初代の辻 留次郎氏が、京都で裏千家13世家元から茶懐石を学び、お茶事の懐石料理を料理人が出向いて作るという出張料理店をスタート。2代目の辻 嘉一氏は茶懐石の門戸を開こうと、その流れをくむ料亭を東京に開店。現在の主人、3代目辻 義一氏は、芸術家でもあり美食家・料理家としても知られる北大路魯山人氏のもとで修業。その教えを料理長の藤本 竜美氏が受け継ぎ、腕を振るう。

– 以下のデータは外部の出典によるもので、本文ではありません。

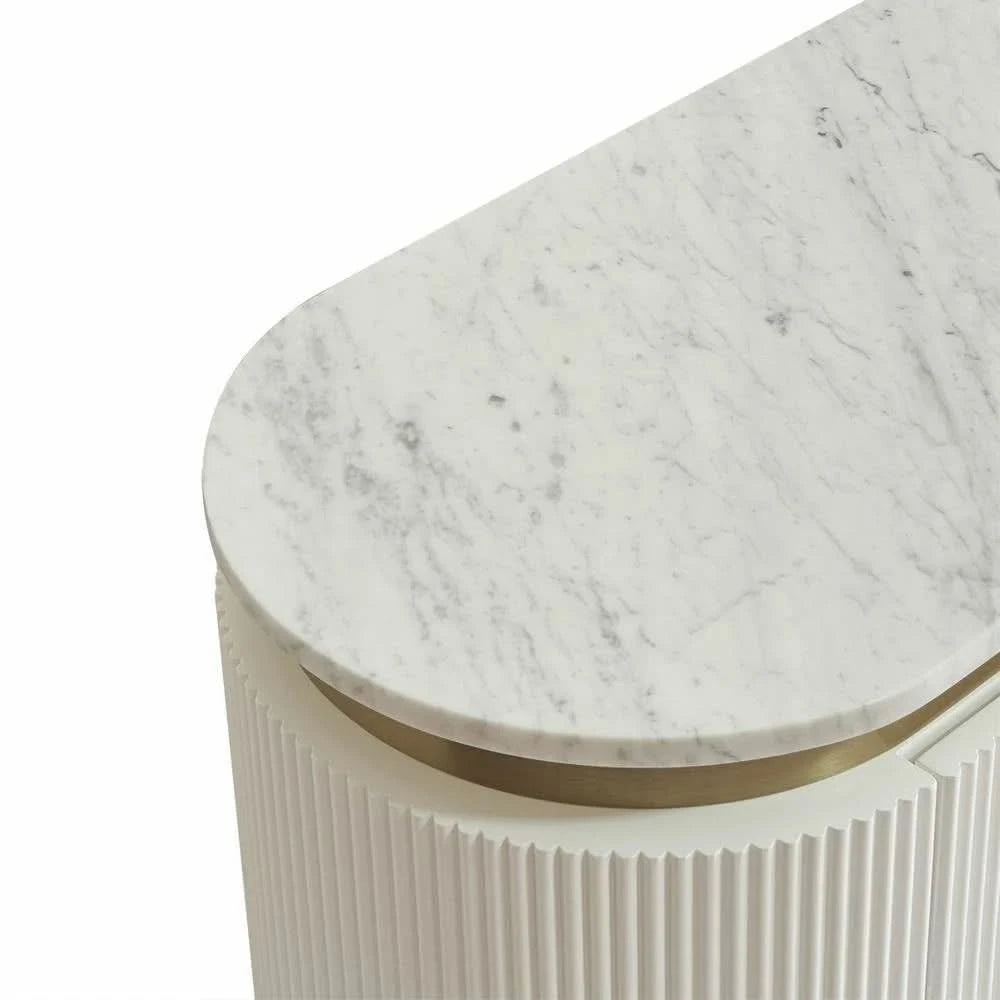 DENEUVE 3 DRAWER CHEST OF DRAWERS WHITE WITH CARRARA MARBLE TOP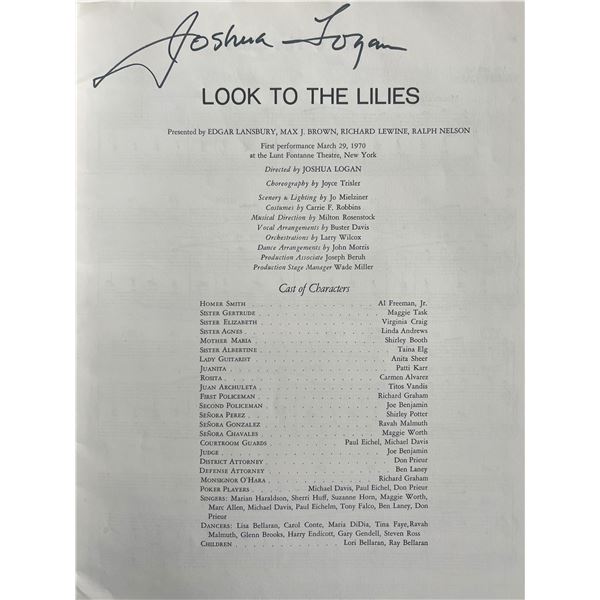 Director Joshua Logan signed Look to the Lillies music book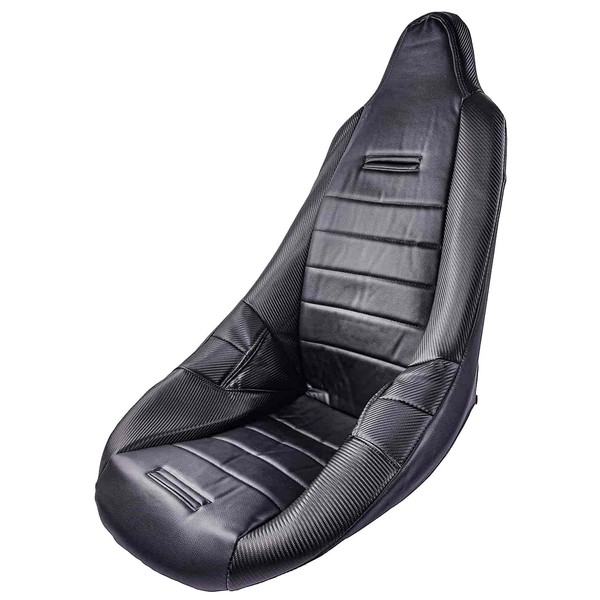 JEGS Pro High Back Custom Seat Cover | Black with Faux Carbon Fiber Trim and Side Panels | Cover Only, Seat Available Separately | Snap-On Installation |15.5 Inch Hip Width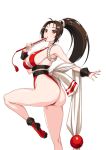  1girl ass bangs bare_shoulders blush breasts brown_eyes brown_hair commentary commentary_request fatal_fury from_side hand_fan highres holding japanese_clothes large_breasts leg_up long_hair looking_at_viewer obi parted_lips rantia revealing_clothes rope sash shiny shiny_hair shiny_skin shiranui_mai sideboob simple_background sleeveless the_king_of_fighters thighs tied_hair 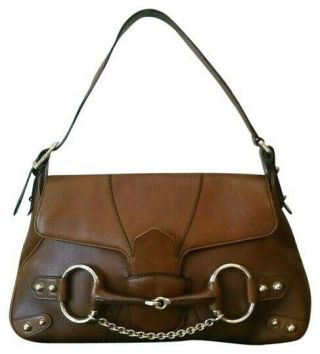 Vintage Gucci Horsebit Chain Classic Brown Leather Shoulder Hand Bag Authentic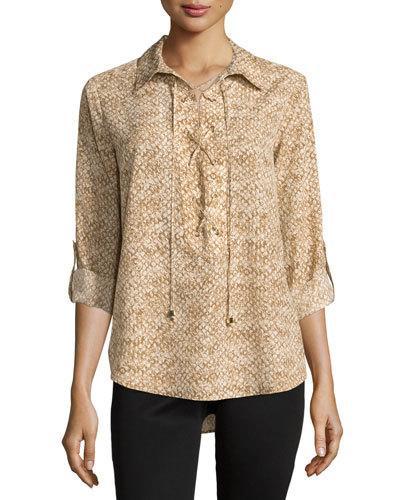 Snake-print Lace-up Tab-sleeve Blouse, Dark Camel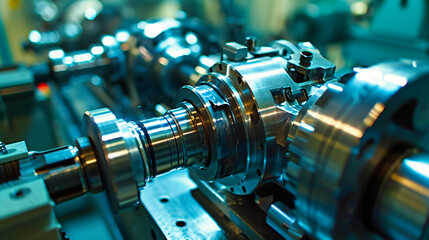 Mechanical Precision: Industrial Lathe and Milling Equipment in a Metalworking Factory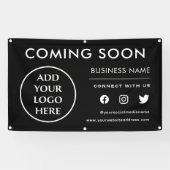 Binnenkort Zakelijke Professionele Bedrijfsnaam Spandoek (Horizontaal)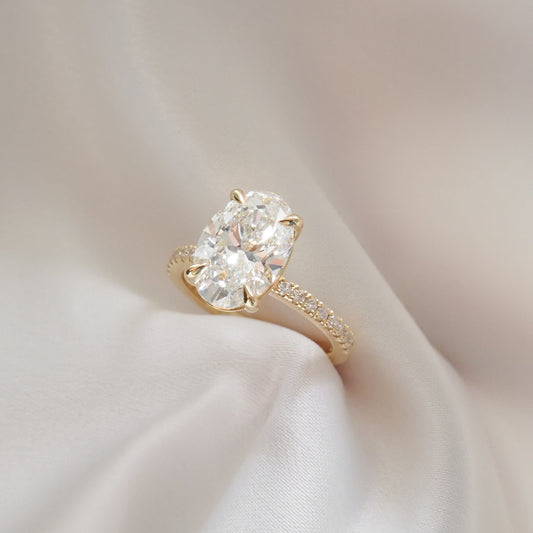 2 CT Emerald Pave Moissanite Engagement Ring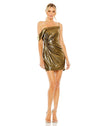 Cocktail Dresses Short Metallic Mini Dress Antique Gold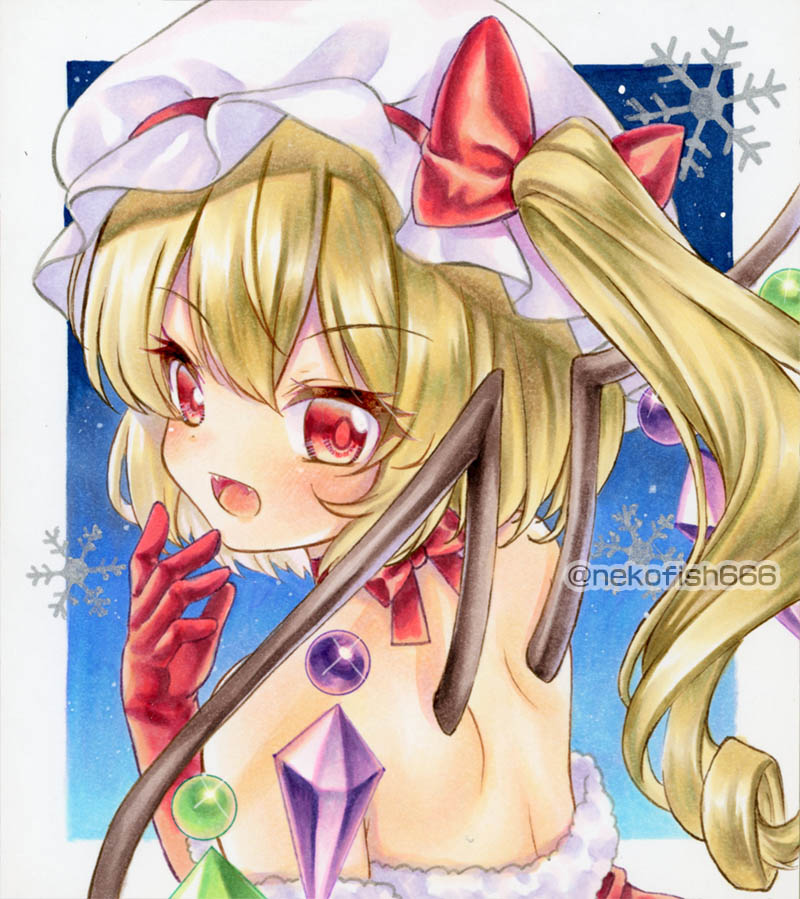 1girl, alternate_costume, blonde_hair, blue_background, commentary_request, crystal_wings, flandre_scarlet, gloves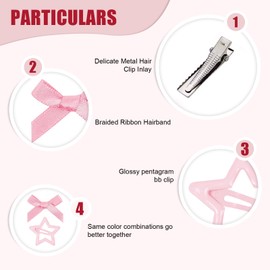 Cute Hair Clips Set - 24 Pcs: 12 Stars and 12 Satin Bow Hair Clips, Colorful Kawaii Y2K Hair Accessories for Girls Women- Perfect for Fans of Star Hair Clips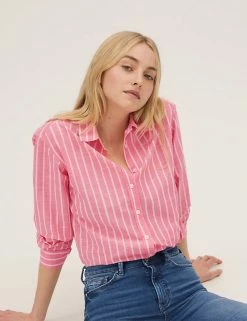 Outlet 🤩 M&S Collection 👕 Shirts & Blouses Pure Cotton Striped Regular Fit 👕 Shirt 🌟 -New In Womens Sales 2022 SD 01 T41 5210W A4 X EC 2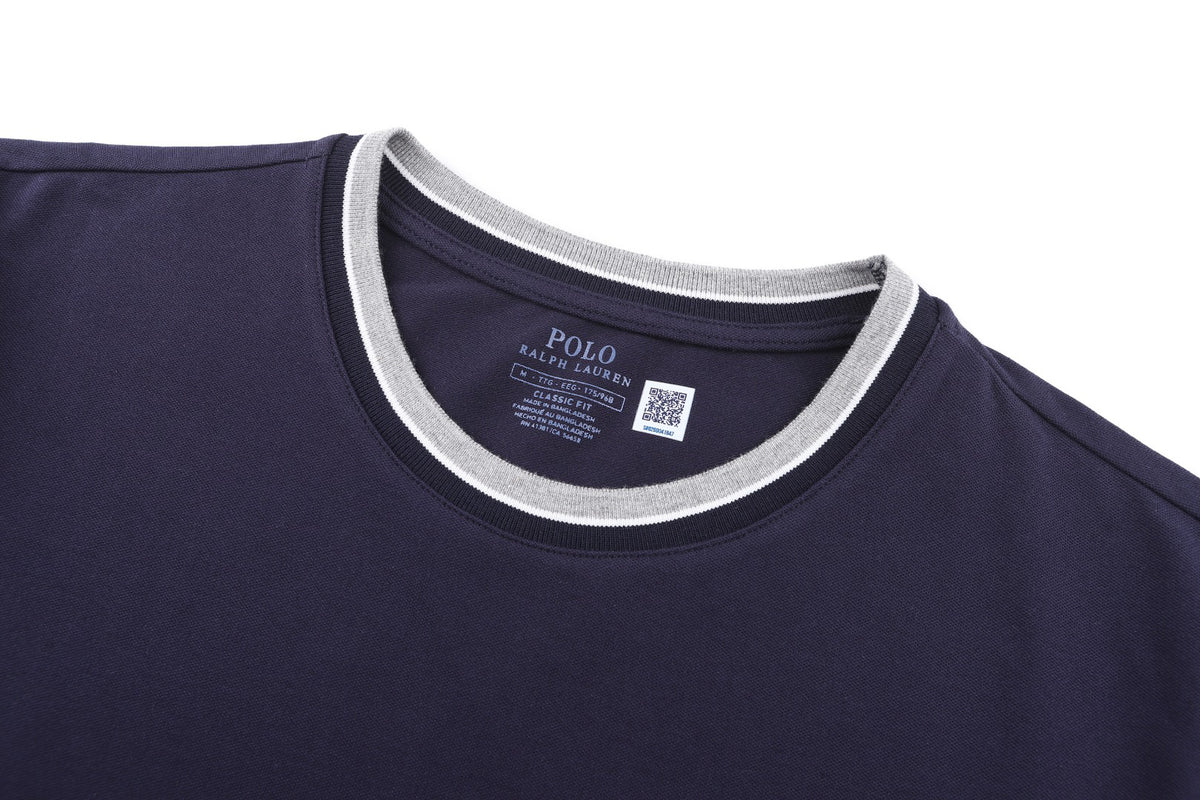 Men's Ringer‑Trim Crew‑Neck Short‑Sleeve T‑Shirt, Small Pony Embroidery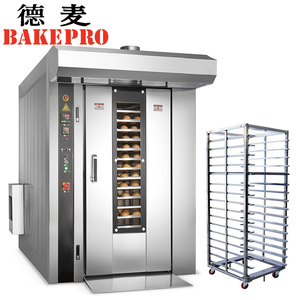 Bakepro 12 מגשים דיזל רוטרי מכונת אפיית אפייה עם קיטור עבור מאפייה תנור מתלה סיבובי גז עם טרולי יחיד - Product Image 1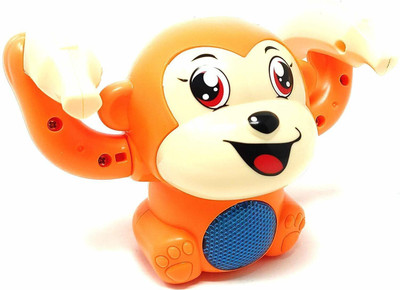 BMT Tumbling Rolling Monkey With Voice Sensor, Light, Music & Rotating Arms264(Multicolor)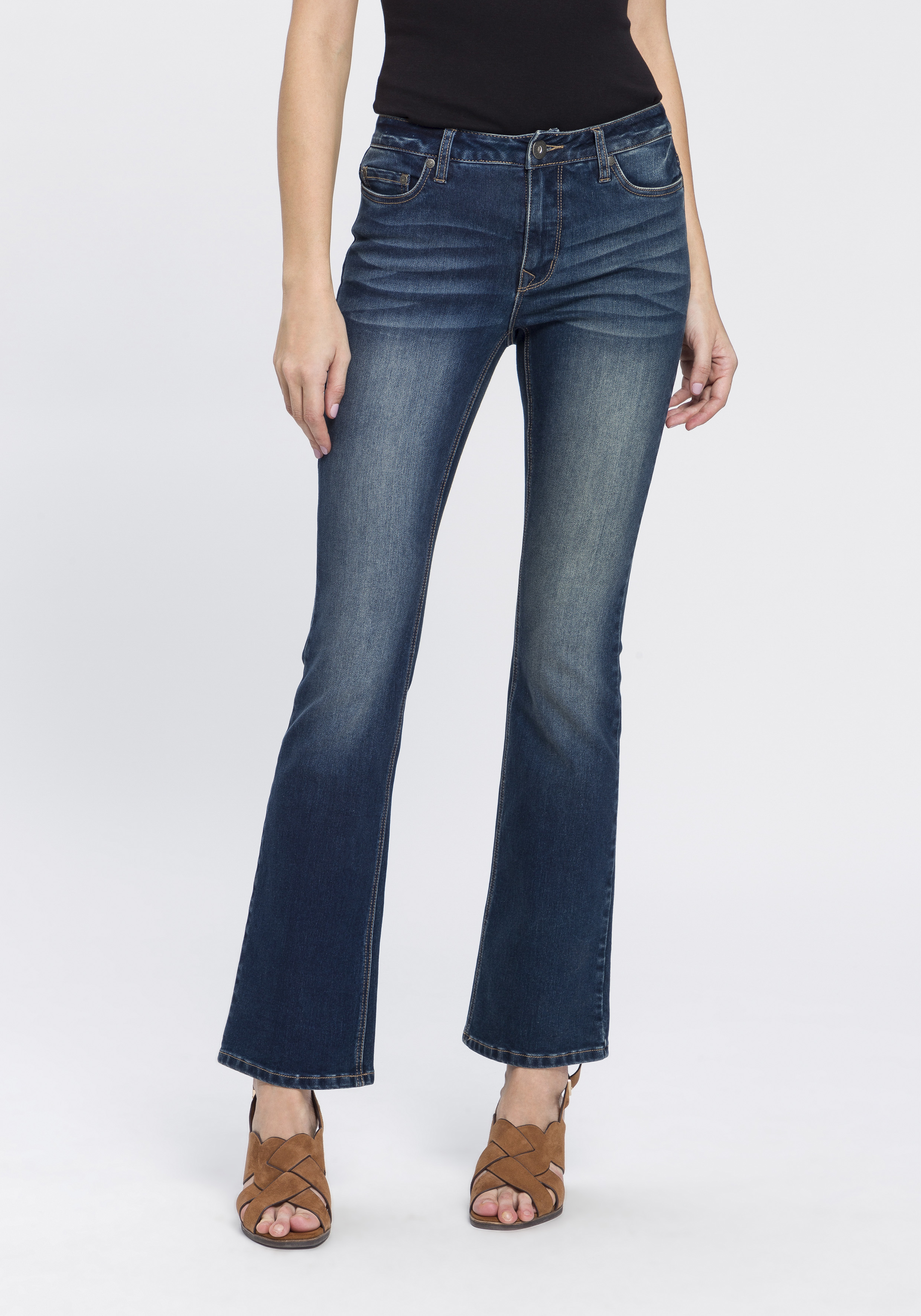 Arizona Bootcut-Jeans "Baby Bootcut", High Waist günstig online kaufen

献立は茶懐石の流れに沿う。「向付」から始まり、「椀盛」「口取(八寸)」「煮合わせ」「焼物」「進肴(強肴)」「留椀」「御飯」。そして「季節の果物」「御菓子」「御薄茶」と続く。古くからのご贔屓どころから届く旬の食材の数々。その本来のうま味を十分に引き出し、味わうことのできる仕立てで一皿一皿に供される。
季節の移ろいを感じる献立の中で、往年の文化人由来の品書きも末長く愛されている。ハモの椀は、常連客だった小説家の谷崎潤一郎氏が、「ボタンのようなきれいなハモ」と言われたことから「ぼたん鱧」と命名。また、3代目が北大路魯山人氏から教わった“もったいない心”から生まれた、皮までおいしくいただくことのできる「鱧皮丼」。この椀と丼と両方楽しむために、ハモの季節を心待ちにされるお客様も多い。
日本酒は、兵庫「菊正宗」の樽酒を熱燗で。冷酒は、3代目が陶芸家の小林 東五氏と共に全国をめぐり、探し当てた好みの日本酒、新潟「鄙願(ひがん)打水」大吟醸を勧める。
店内には、4つの個室が用意され、掘りごたつ形式、テーブル席、そして広間がある。炉が切れる8畳間もあるので茶室としての利用も可能だ。
お軸や額、北大路魯山人氏による器などと、洗練された懐石料理を楽しむことのできる『懐石 辻留』を、プライベートやビジネスなど、さまざまシーンで利用され、日本の風情を感じていただきたい。